- Supplied data
====================
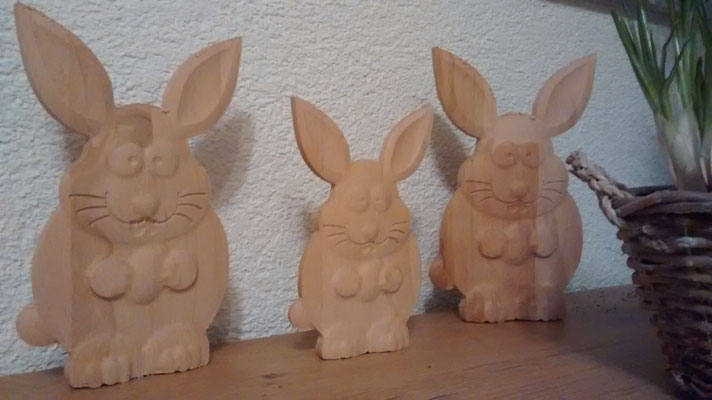 3D Osterhasen / kreativ-fraesen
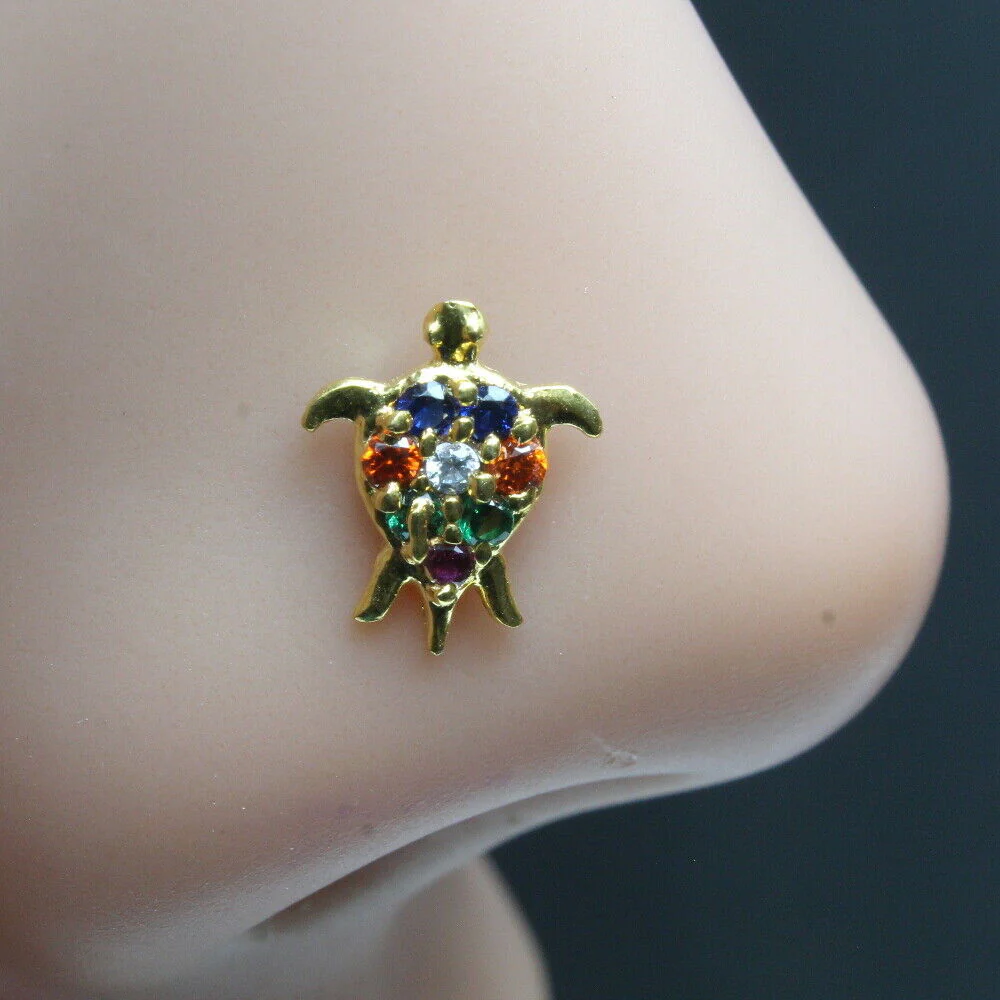 Opulent Turtle bloom nose stud - Image 2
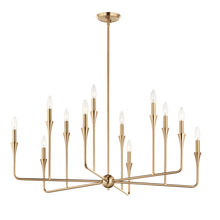 Kichler 52692CPZ - Alvaro 39.75 Inch 12 Light Multi-Tier Chandelier in Champagne Bronze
====================
Excluding pictures, print all lines above exactly.

 3D Osterhasen / kreativ-fraesen
 Opulent Turtle bloom nose stud - Image 2
 Kichler 52692CPZ - Alvaro 39.75 Inch 12 Light Multi-Tier Chandelier in Champagne Bronze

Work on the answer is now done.